Doing well, doing well, doing well, doing well… and then…It’s all fun and games until the flows stop flowing and the earnings start missing estimates. It proved quite the choppy day on Wall Street as the S&P initially climbed and held onto gains for much of the trading session, but then…

The S&P 500 (SPX) Tuesday, intraday chart shows that the trading day was moving along rather swimmingly until the bottom dropped out and gains turned into losses. And what caused the intraday reversal of fortunes you might be asking? Well it was the usual geopolitical headline, but this time it had to do with the latest Brexit vote failure that would otherwise force the U.K. to ask for yet another Brexit extension.

On Tuesday, a majority of MPs (Members of Parliament) signaled their support for the agreement that Johnson reached with the other 27 EU nations last week. However, in a follow up vote just 15 minutes afterwards, they refused to rush through the necessary legislation to leave the EU in three working days.

The U.K. is now in a holding pattern with Johnson pausing his Withdrawal Agreement Bill, which could still be scrapped altogether. This significantly reduces the chances that the U.K. will leave the EU on October 31, as the prime minister had vowed.

The immediate focus has now shifted from Westminster to Brussels. The other 27 countries need to decide if they will say yes to the U.K.’s request for an extension. The Brexit saga will apparently carry forward and continue to drive uncertainty for market participants.
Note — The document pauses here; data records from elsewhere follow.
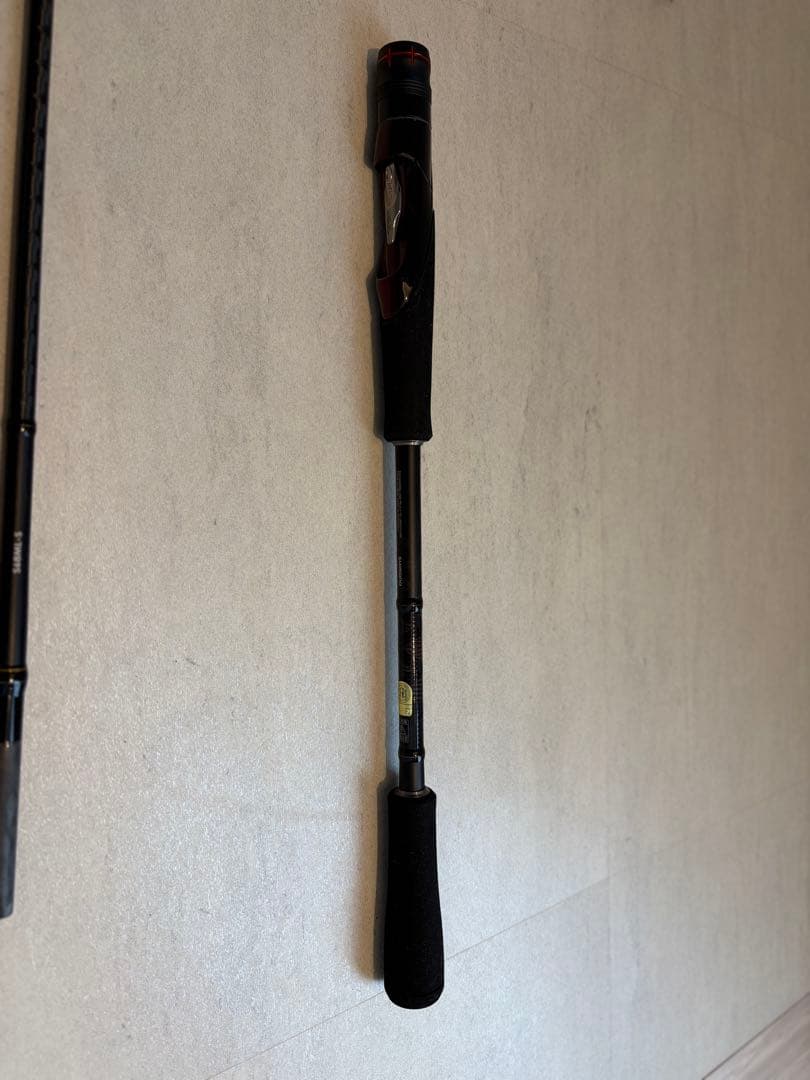 シマノ　セフィアci4+ティップエギング　S68ML-S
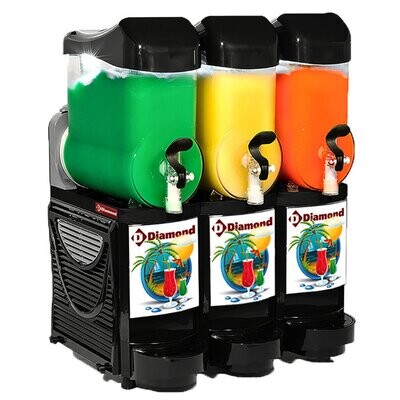 Slush Puppy &amp; Sorbet Machines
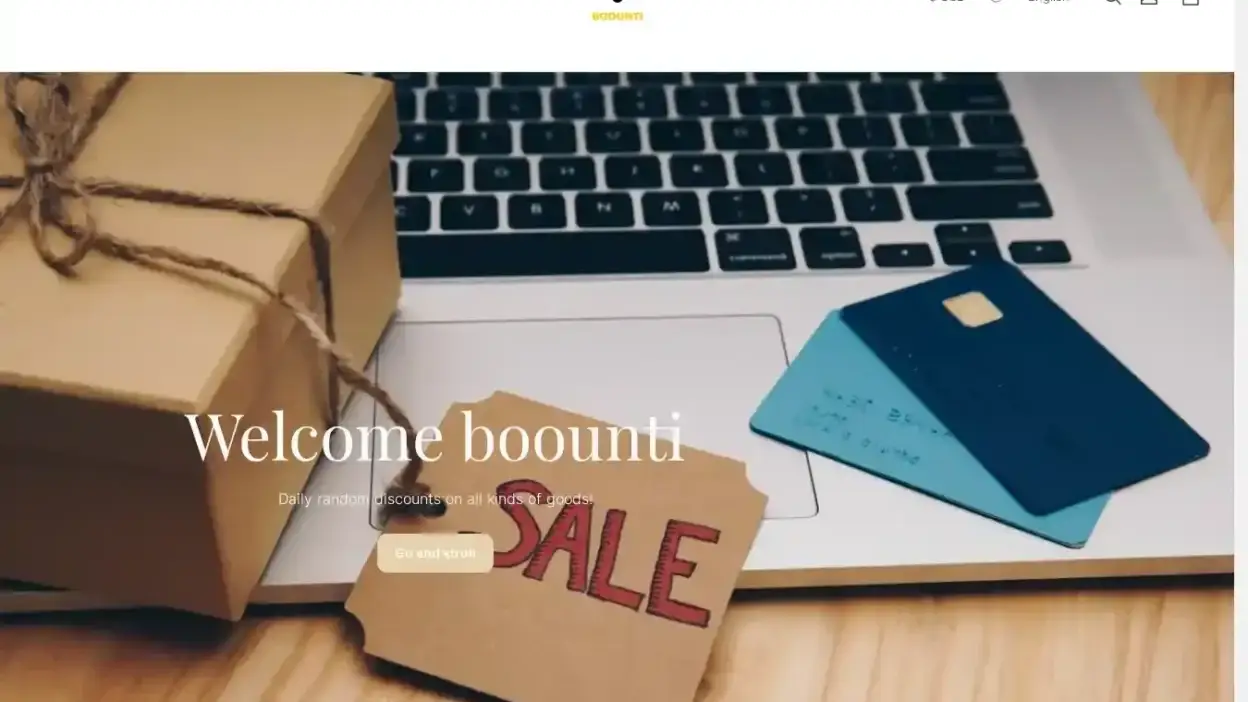 Screenshot of Non-Delivery scam website Swetlifee.com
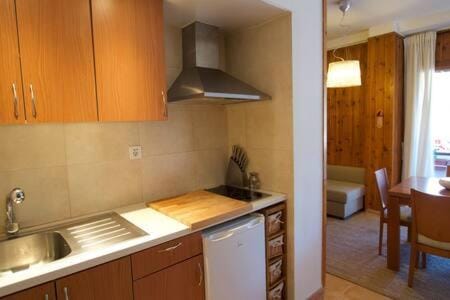 Apartament Boix petit Apartment in Cerdanya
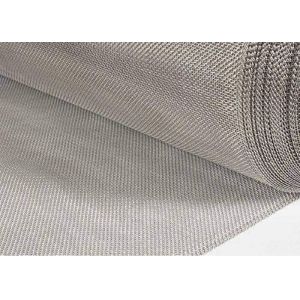 Cheap 60X60 Stainless Steel Wire Mesh 1M X 100F For Sieving / Filtering for sale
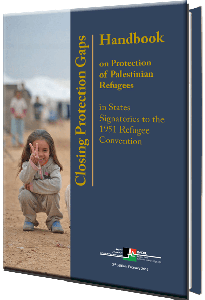 Closing Protection Gaps: Handbook on Protection of Palestinian Refugees in States Signatories to the 1951 Refugee Convention (2nd Edition, February 2015)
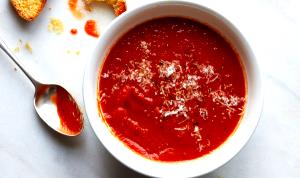 1 cup (245 g) Tomato Parmesan Soup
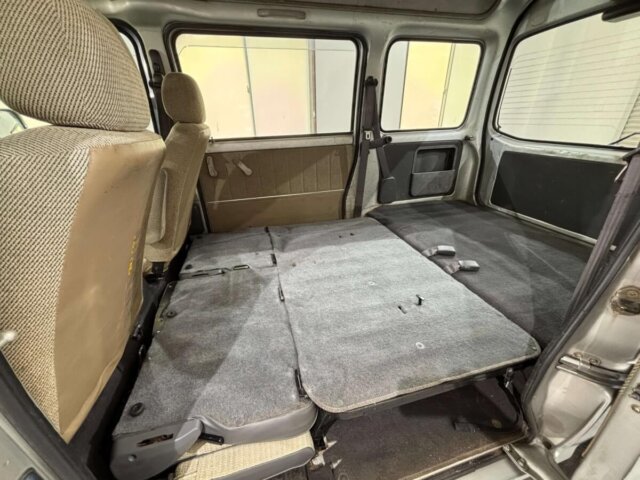 2000 SUBARU SAMBAR VANSAMBAR VAN CLASSIC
Despite the Brexit headlines proving the undoing of market gains on Tuesday, there was some internal market strength that carried forward. The number of new highs on both the S&P 500 and NYSE grew on Tuesday, Apple producing one of those new highs of course. (Green bars/new highs)

Is an expansion of new highs evidence of an upcoming recession? We would argue it is obviously not! And probably one of the most interesting charts we discovered on Tuesday really wasn’t a chart that identified technical strength or weakness, breadth improving or faltering, but rather the relationship between money flow and the S&P 500. As we’ve pointed out through 2019, fund flow data has shown a clear flight from equities and into bonds.

While there is no debating the asset class that has benefited from the great uncertainty around the global economy, the S&P 500 has managed to gain roughly 20% year-to-date. When we look at the money flow chart below, one likely wouldn’t draw this conclusion, which would otherwise beg of more information, to define where exactly the gains in the stock market are coming from. The S&P 500 represents the top chart and shows the divergence from money flows, the bottom chart.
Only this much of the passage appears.